Task requirements: Copy word for word the lines of the records below, beginning at the one with "10K SOLID GOLD" and finishing at the one with "Stainless Steel Fuel", ends included, but none of the pictures.

Extracted records:
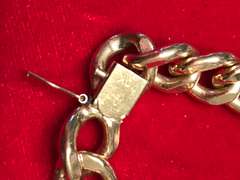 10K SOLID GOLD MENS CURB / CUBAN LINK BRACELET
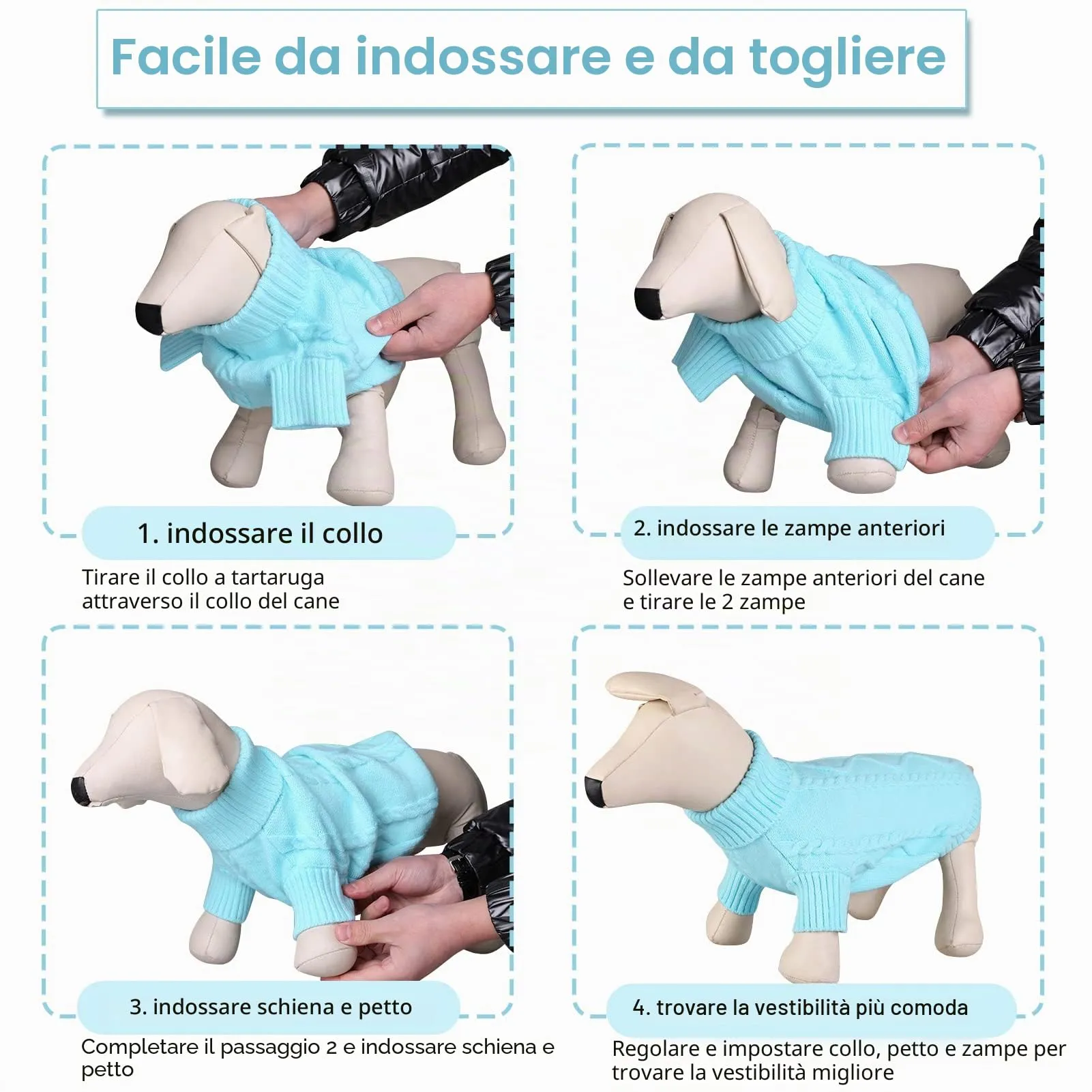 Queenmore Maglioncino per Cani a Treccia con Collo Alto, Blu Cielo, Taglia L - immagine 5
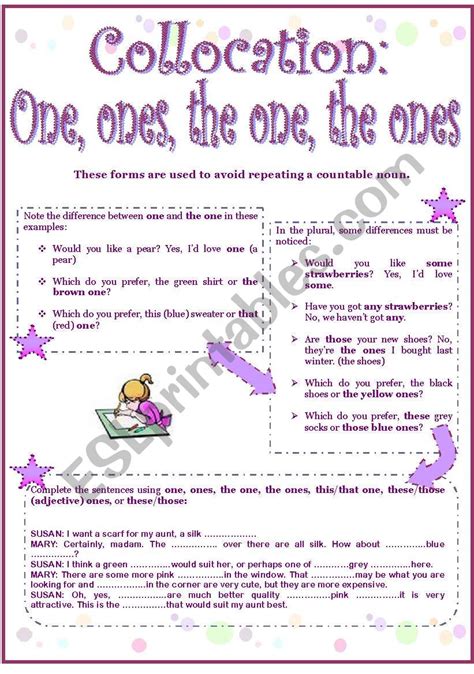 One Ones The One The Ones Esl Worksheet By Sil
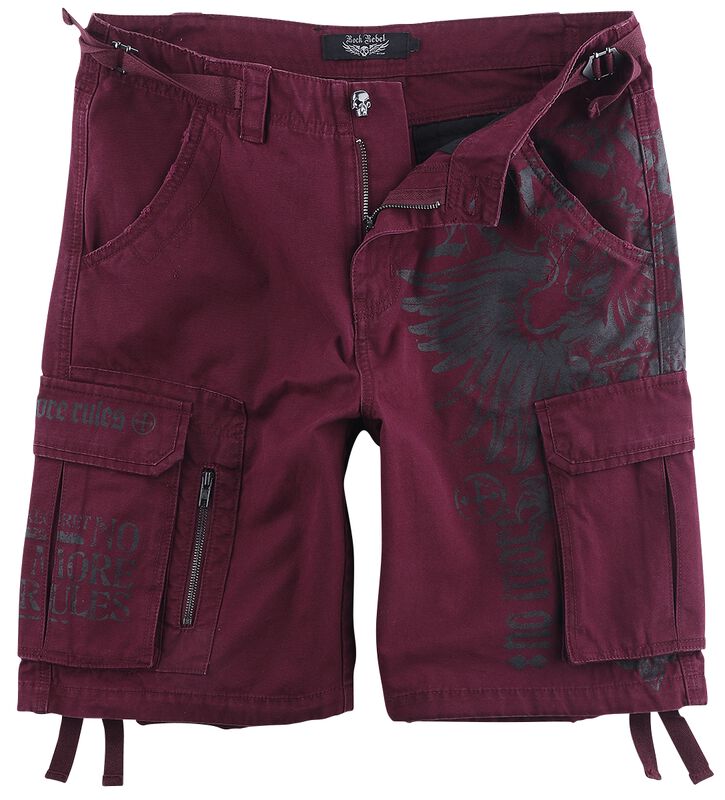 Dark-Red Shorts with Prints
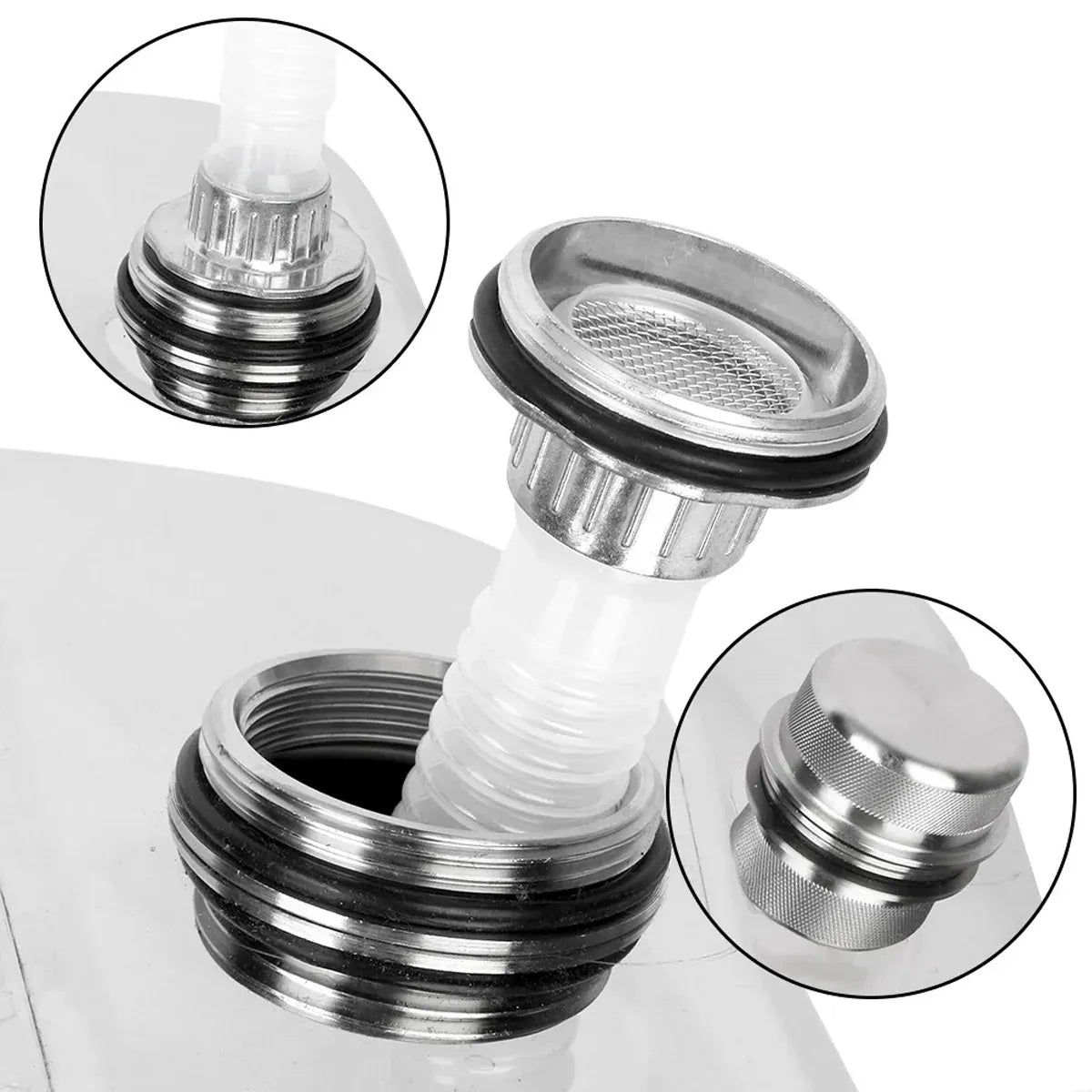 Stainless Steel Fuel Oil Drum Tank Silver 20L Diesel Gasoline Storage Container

* * *

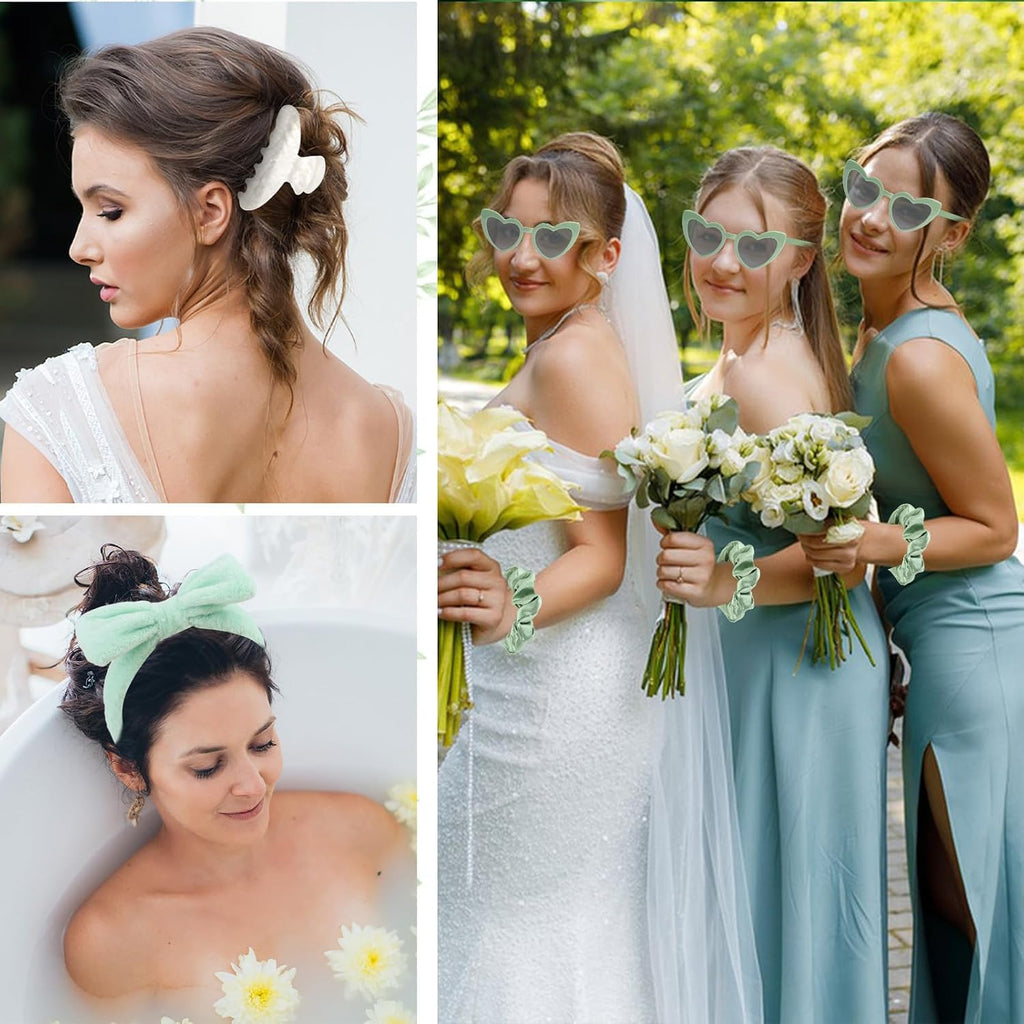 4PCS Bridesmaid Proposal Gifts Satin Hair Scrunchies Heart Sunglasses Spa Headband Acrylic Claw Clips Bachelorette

...

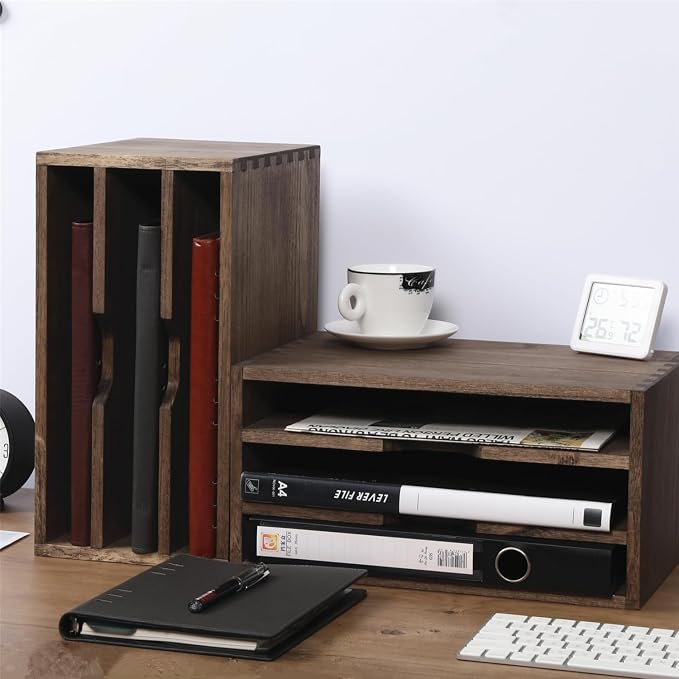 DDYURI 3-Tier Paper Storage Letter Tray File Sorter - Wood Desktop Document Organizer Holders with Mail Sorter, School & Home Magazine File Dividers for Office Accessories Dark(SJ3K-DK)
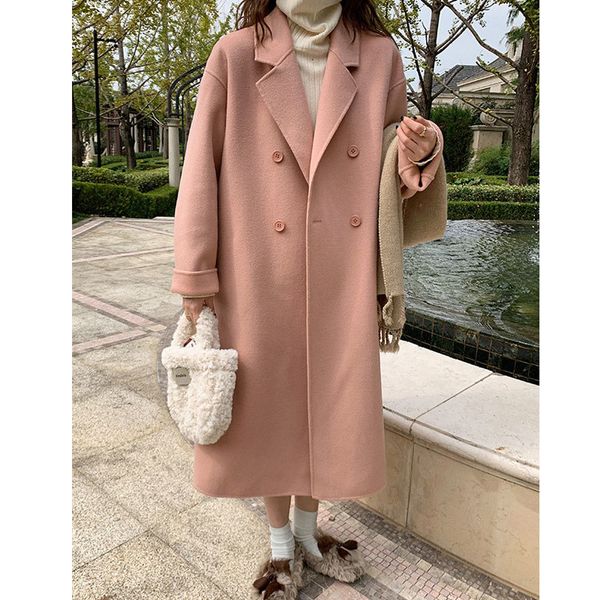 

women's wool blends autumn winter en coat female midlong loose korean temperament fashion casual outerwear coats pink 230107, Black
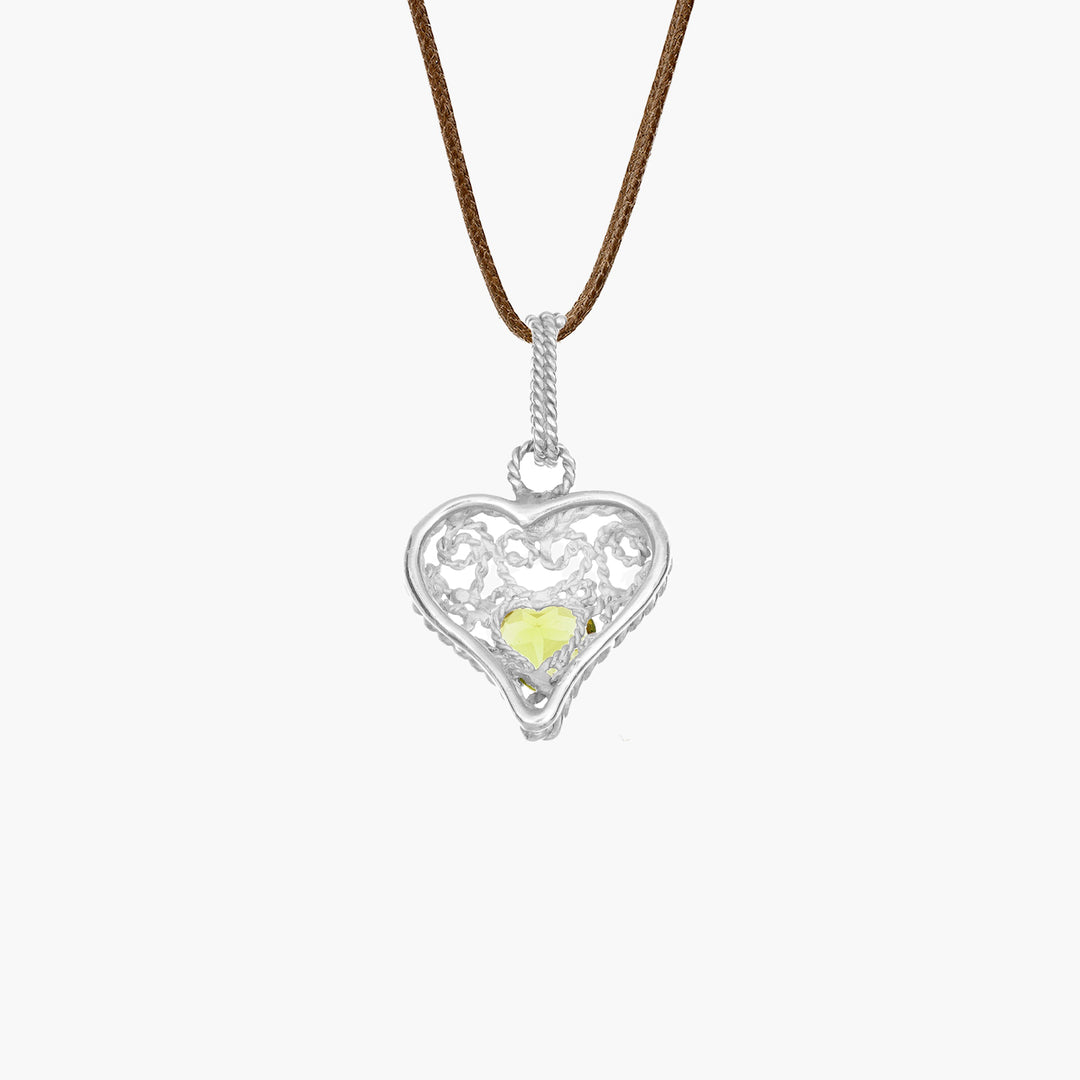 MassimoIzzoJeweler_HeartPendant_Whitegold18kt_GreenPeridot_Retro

Solved exercise:
 10K SOLID GOLD MENS CURB / CUBAN LINK BRACELET
 Queenmore Maglioncino per Cani a Treccia con Collo Alto, Blu Cielo, Taglia L - immagine 5
 One Ones The One The Ones Esl Worksheet By Sil
 Dark-Red Shorts with Prints
 Stainless Steel Fuel Oil Drum Tank Silver 20L Diesel Gasoline Storage Container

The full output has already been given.